Copy each line of the entries below that contains the string "Model".

Scraped caption text data
____
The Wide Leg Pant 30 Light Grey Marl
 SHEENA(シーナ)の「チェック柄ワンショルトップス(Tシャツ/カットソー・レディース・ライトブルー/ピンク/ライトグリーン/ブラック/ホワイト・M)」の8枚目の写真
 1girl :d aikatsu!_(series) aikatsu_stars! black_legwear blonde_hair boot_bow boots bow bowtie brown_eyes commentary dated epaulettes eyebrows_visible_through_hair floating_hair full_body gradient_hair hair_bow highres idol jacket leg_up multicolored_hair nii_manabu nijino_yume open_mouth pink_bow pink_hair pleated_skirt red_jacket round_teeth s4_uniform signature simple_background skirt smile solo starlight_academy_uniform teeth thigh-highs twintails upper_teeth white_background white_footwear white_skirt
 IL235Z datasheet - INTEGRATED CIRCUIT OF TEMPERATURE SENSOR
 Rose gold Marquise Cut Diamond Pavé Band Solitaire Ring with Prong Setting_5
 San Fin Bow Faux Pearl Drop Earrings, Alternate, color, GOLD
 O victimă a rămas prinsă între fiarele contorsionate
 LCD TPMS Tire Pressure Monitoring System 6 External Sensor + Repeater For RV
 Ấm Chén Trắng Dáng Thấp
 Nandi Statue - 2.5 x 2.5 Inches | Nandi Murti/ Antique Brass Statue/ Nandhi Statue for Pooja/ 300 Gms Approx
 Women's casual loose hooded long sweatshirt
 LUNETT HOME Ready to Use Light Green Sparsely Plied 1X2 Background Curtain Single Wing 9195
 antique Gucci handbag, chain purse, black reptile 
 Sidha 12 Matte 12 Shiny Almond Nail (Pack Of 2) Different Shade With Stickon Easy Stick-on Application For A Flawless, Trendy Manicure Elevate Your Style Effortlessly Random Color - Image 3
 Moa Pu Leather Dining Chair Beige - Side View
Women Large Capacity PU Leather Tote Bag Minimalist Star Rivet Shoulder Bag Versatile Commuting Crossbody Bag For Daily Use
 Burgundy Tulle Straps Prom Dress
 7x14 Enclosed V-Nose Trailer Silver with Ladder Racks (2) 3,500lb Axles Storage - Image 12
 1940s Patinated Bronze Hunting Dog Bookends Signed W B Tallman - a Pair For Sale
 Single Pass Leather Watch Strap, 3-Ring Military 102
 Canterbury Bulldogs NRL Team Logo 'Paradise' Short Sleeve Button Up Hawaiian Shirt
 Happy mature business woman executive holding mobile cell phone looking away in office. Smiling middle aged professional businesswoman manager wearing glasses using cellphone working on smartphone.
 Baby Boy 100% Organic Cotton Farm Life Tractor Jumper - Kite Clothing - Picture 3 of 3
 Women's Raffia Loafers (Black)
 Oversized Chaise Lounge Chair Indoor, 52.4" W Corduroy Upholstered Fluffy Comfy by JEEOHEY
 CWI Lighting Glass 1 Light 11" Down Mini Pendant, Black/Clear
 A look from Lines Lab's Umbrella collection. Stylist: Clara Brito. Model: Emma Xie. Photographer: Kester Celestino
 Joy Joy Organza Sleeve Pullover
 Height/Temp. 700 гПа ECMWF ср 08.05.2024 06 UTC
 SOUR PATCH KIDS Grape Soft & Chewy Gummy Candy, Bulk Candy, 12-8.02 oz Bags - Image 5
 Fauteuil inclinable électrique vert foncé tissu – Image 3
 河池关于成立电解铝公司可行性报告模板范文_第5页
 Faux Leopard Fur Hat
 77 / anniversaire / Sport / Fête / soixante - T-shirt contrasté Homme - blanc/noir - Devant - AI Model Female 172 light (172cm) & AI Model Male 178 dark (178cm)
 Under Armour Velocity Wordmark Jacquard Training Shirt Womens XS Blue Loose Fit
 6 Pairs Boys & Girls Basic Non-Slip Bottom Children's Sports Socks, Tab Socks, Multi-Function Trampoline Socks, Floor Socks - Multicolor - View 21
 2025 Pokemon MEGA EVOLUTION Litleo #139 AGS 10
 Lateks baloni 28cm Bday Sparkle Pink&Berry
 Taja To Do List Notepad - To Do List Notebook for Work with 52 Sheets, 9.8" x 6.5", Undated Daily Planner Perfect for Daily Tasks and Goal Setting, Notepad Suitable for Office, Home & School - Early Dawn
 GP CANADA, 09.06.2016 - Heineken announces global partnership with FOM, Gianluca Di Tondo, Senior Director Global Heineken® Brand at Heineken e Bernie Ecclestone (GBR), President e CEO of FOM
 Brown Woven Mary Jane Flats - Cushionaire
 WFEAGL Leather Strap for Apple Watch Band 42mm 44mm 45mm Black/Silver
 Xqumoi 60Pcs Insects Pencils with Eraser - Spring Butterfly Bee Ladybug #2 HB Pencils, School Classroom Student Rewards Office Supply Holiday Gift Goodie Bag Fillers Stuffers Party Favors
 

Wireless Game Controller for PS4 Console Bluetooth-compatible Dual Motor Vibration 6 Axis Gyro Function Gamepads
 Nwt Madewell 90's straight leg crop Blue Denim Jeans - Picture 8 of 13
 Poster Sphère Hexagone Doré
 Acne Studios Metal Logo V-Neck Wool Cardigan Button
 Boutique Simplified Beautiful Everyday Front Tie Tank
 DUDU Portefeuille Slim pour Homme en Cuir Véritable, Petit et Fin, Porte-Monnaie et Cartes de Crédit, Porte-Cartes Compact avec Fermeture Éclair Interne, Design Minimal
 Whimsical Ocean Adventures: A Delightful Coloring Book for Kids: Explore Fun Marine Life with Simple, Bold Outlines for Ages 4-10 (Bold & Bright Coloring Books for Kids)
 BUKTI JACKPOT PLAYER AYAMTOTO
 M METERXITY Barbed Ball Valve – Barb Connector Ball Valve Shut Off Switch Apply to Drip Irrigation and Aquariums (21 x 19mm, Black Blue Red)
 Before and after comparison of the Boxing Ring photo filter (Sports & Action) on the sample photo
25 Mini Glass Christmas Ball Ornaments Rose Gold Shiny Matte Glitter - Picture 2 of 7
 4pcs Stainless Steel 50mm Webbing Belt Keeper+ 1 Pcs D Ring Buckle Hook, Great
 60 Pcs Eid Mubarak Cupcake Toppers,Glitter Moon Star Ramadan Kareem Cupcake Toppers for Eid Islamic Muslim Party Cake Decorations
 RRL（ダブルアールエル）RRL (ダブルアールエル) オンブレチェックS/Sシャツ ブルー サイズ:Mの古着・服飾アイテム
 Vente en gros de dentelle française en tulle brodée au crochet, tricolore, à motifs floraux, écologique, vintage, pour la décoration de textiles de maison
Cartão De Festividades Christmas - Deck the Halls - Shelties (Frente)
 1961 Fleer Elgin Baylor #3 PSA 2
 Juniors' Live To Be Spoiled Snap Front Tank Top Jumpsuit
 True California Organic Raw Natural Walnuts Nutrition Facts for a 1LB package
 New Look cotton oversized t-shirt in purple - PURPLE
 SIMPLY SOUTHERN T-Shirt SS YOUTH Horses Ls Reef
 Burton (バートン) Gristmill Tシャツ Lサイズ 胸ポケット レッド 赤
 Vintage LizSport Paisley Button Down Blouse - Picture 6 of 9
____
Solution to this task:
 A look from Lines Lab's Umbrella collection. Stylist: Clara Brito. Model: Emma Xie. Photographer: Kester Celestino
 77 / anniversaire / Sport / Fête / soixante - T-shirt contrasté Homme - blanc/noir - Devant - AI Model Female 172 light (172cm) & AI Model Male 178 dark (178cm)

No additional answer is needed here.